• **Your objective**
Please begin with the line containing "Portrait of a" and reproduce each line exactly until the records below end, without any pictures.

Top of Provided records

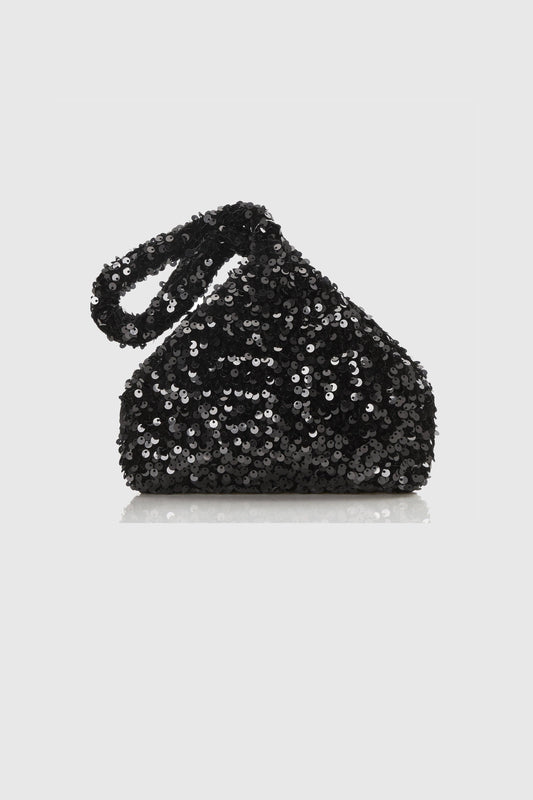 Sequin Evening Clutch in Black or Black/Gold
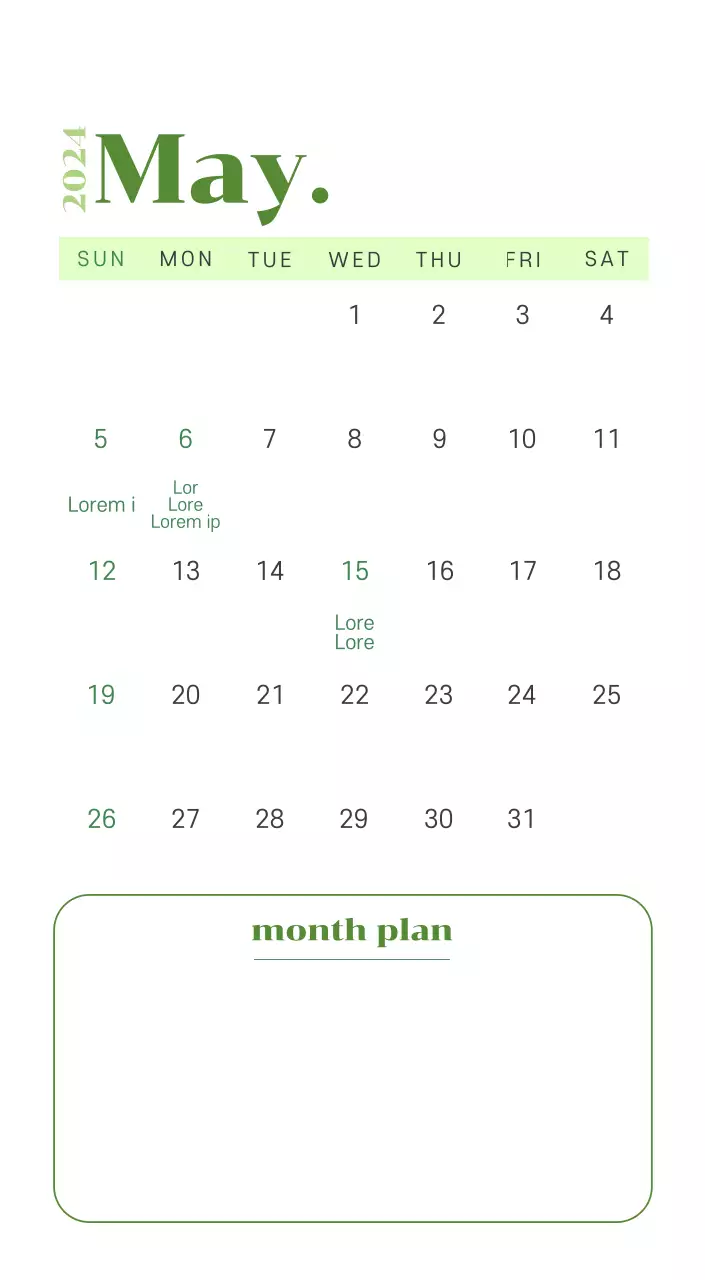 Calendar with youth illustrations on a yellow and green background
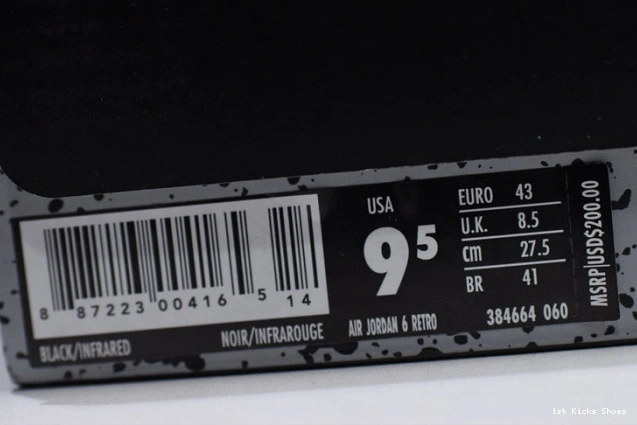 1st Kicks Shoes 384664- 1205 black air infrared retro jordan 6 AllSeason 1111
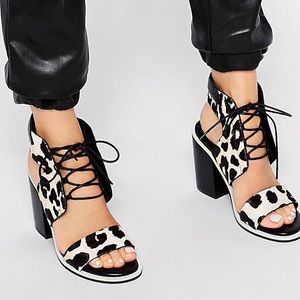 Senso Riley Leopard Pony Heeled Sandals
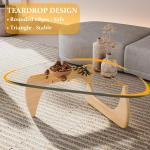 Skandinavischer Couchtisch, Wohnzimmertisch mit Platte aus Hartglas, Beistelltisch aus Holz, Kaffeetische, Schlafzimmer, Büro, Kaffee (Holz + transparent, 114 cm)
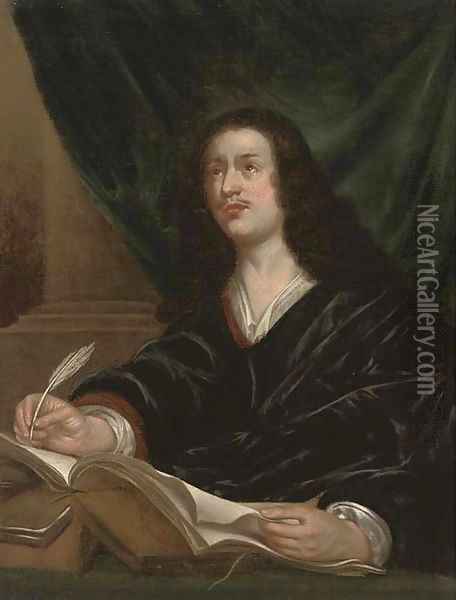 Portrait of a gentleman, traditionally identified as John Milton (1608-1674) Oil Painting - John Michael Wright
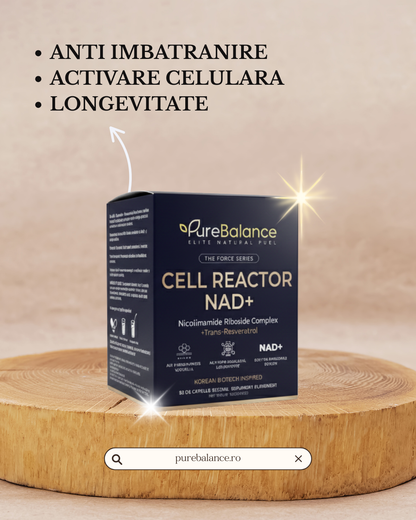 Cell Reactor NAD+ & Trans-Resveratrol | 80 capsule |⚡🧬 | Energie Celulară, Longevitate & Anti-Aging Avansat | FORGE SERIES | Pure Balance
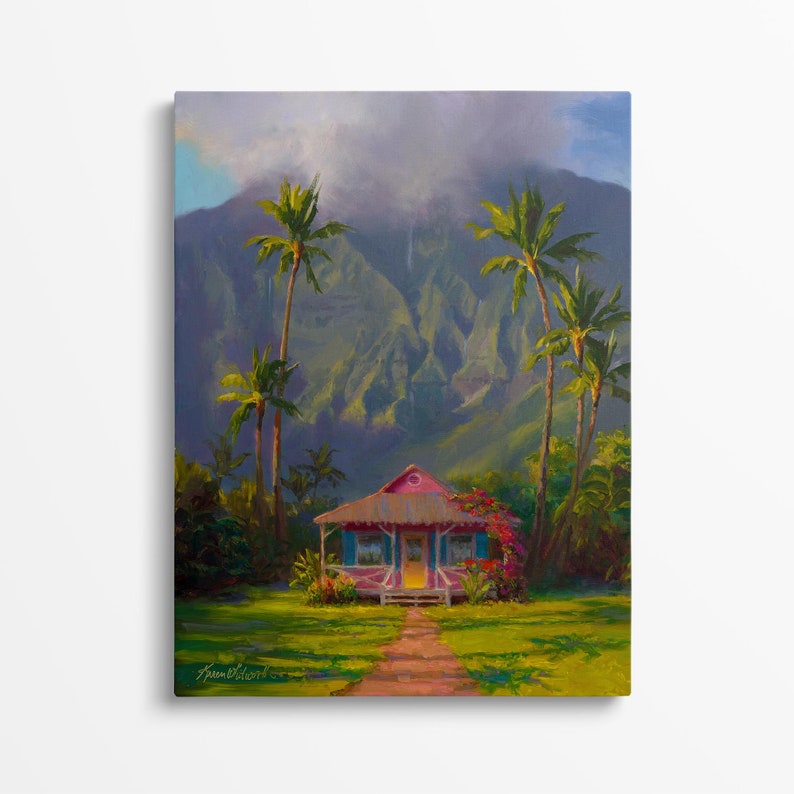 Hawaii Art Painting, Tropical Wall Art Canvas, Kauai Art Large Landscape Painting, Hanalei Kauai Painting, Big Hawaii Canvas, Hawaii Decor Gallery Wrap Canvas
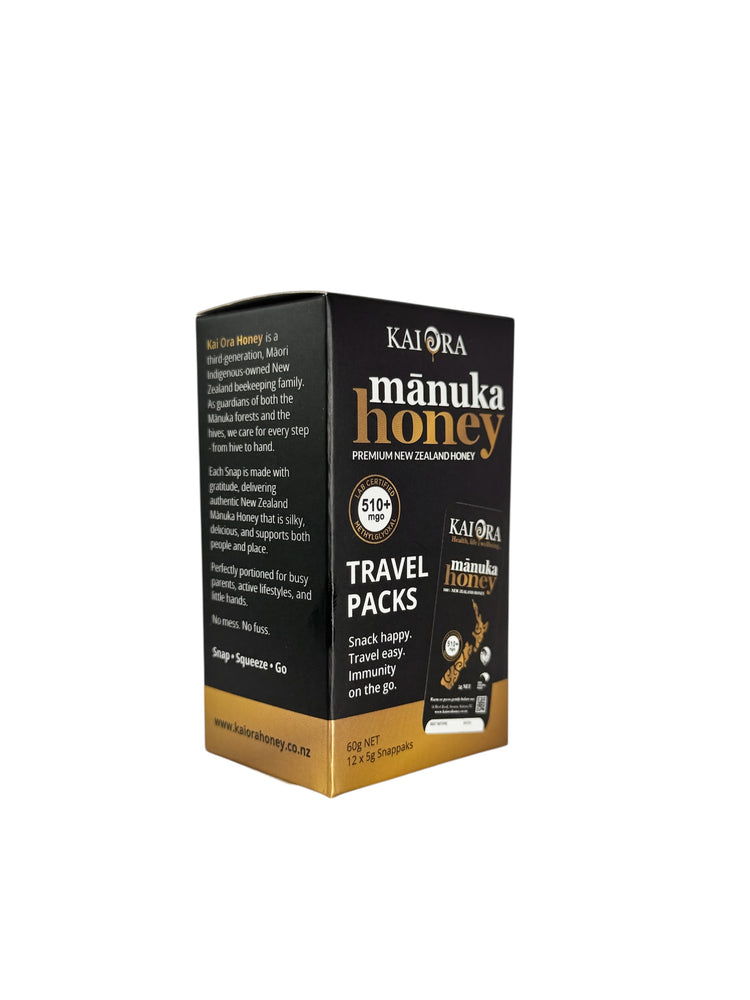 
                  
                    MGO 510+ Mānuka Honey TRAVEL PACKS — 12 Snappaks (60g)
                  
                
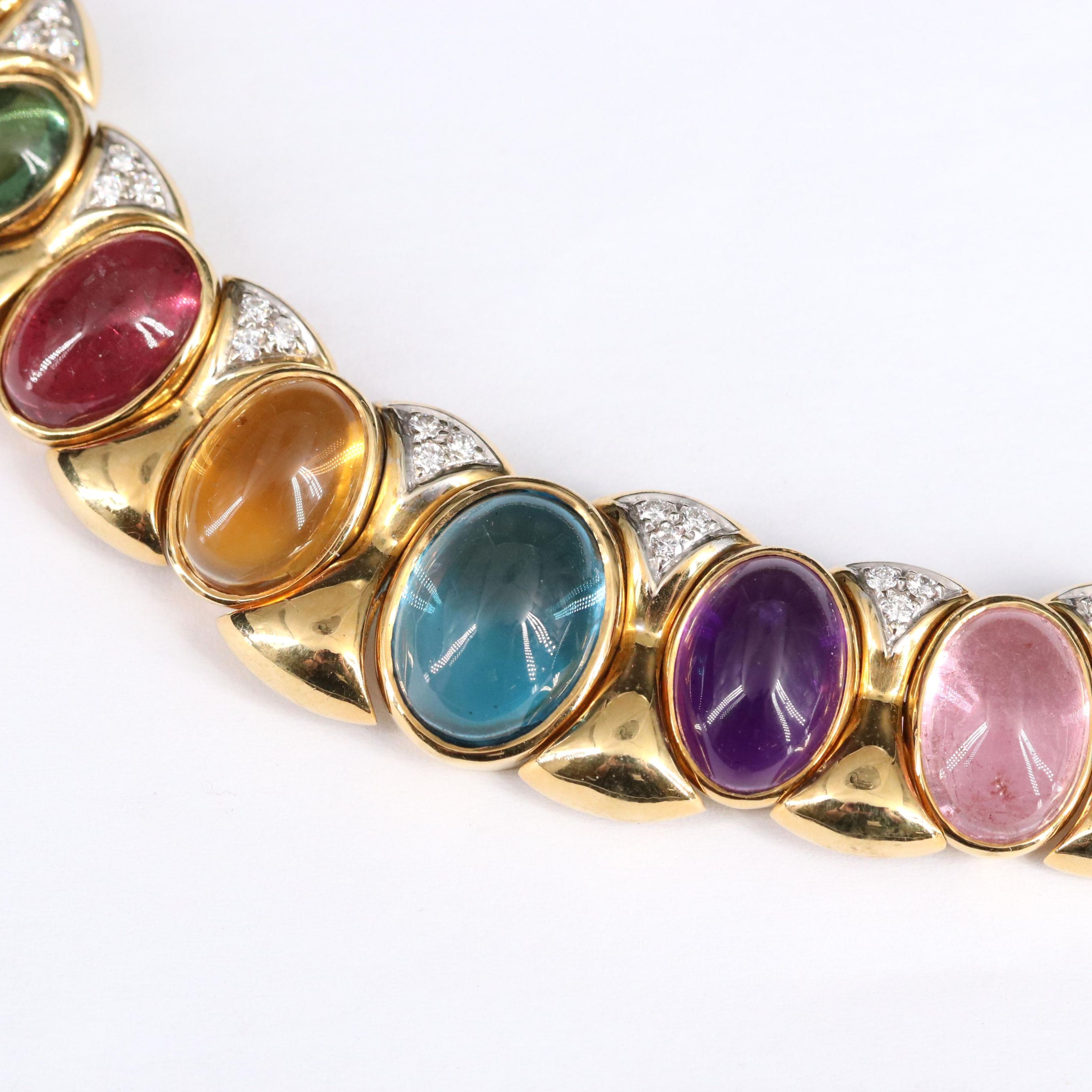 Italian 18K 12.00 CT Topaz, Amethyst, Diamond and Gemstone Collar Necklace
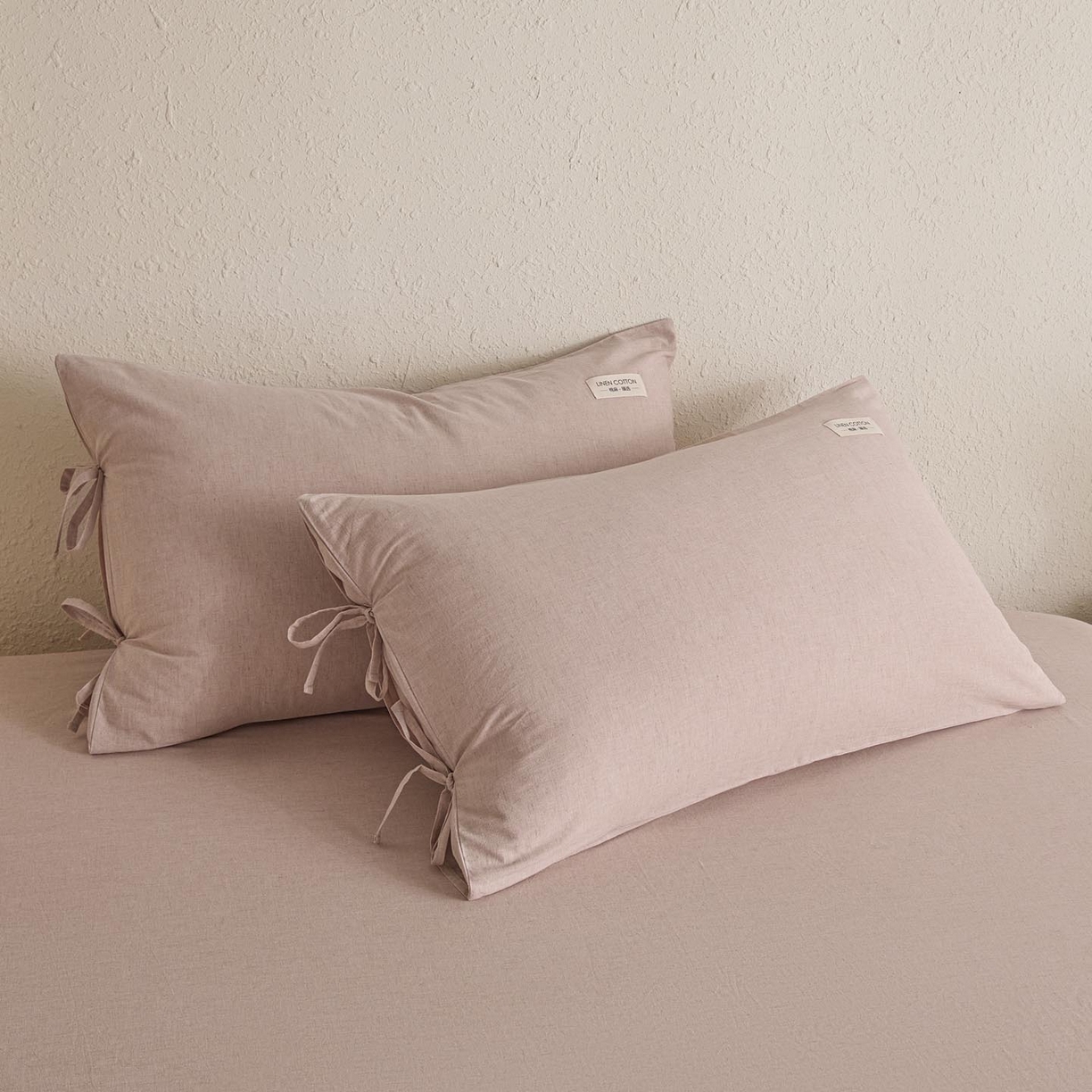 91家纺网 家纺一手货源 找家纺 （总）涵宸家纺 2025新款色织棉麻四件套系列-单枕套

Bottom of Provided records

• **Answer to the problem**
 Portrait of a gentleman, traditionally identified as John Milton (1608-1674) Oil Painting - John Michael Wright
 Cell Reactor NAD+ & Trans-Resveratrol | 80 capsule |⚡🧬 | Energie Celulară, Longevitate & Anti-Aging Avansat | FORGE SERIES | Pure Balance
 Hawaii Art Painting, Tropical Wall Art Canvas, Kauai Art Large Landscape Painting, Hanalei Kauai Painting, Big Hawaii Canvas, Hawaii Decor Gallery Wrap Canvas
                  
                    MGO 510+ Mānuka Honey TRAVEL PACKS — 12 Snappaks (60g)
                  
                
 Italian 18K 12.00 CT Topaz, Amethyst, Diamond and Gemstone Collar Necklace
 91家纺网 家纺一手货源 找家纺 （总）涵宸家纺 2025新款色织棉麻四件套系列-单枕套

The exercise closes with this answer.